As former sugar workers in Berbice continue to face financial struggles following the closure of two estates for almost one year, the Saraswati Vidya Niketan (SVN) provided 75 of their children with $10,000 each towards their education.
The money was part of a fund that the SVN, a Hindu school on the West Coast of Demerara, recently launched with the aim of aiding the “most vulnerable students who have either dropped out of school or at the risk of doing so.”
Students would also be supported through the fund for “at least one academic year starting with the current school term.”
Principal of the school, Swami Aksharananda, along with some sixth form students traveled to Berbice last Wednesday to make the presentation at an event held at Sukhpaul’s Gas Station at Corriverton.
The principal said that with the help of community workers and teachers, some 100 students have already been identified to receive assistance.
The students, mainly from Line Path Secondary, Lutheran High School, Tagore Secondary and Canje Secondary at Rose Hall, Canje qualified for the assistance after filling application forms and providing student verification.
The fund is mainly for high school students but some from the primary level also benefitted from the same amount.
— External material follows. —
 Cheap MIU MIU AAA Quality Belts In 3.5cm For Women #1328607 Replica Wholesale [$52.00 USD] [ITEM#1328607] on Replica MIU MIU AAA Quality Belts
The students would also receive more cash “later in the year to complete this term’s commitment.”
According to the principal, SVN saw the need to step in and take action since the workers have not yet received the full severance benefits that they were promised.
“Whatever the politics or economics of the situation, the fact is that the communities [that are] directly dependent on the estates are hurting,” he said.
“We have been following the situation for months now, and it is evident that the crisis is affecting the ability of parents to send their children to school.”
He pointed out too: “Whoever is acquainted with the rhythm of the life on the sugar estates knows that whatever workers save during the harvesting season is used up [during the] ‘out of crop [season]’.”
Swami Aksharananda said: “Funding for the project so far has been provided by SVN itself and its students.
In addition to what the school has put aside, the students have each committed to give one thousand dollars per term for the current school year 2018-19.”
The SVN “wishes to thank Pandit Rangaswami from #73 Village Corentyne, well-known community activist and leader, Mr. Hari Behari, and Mr. Surin Sukhpal for their assistance,” he said.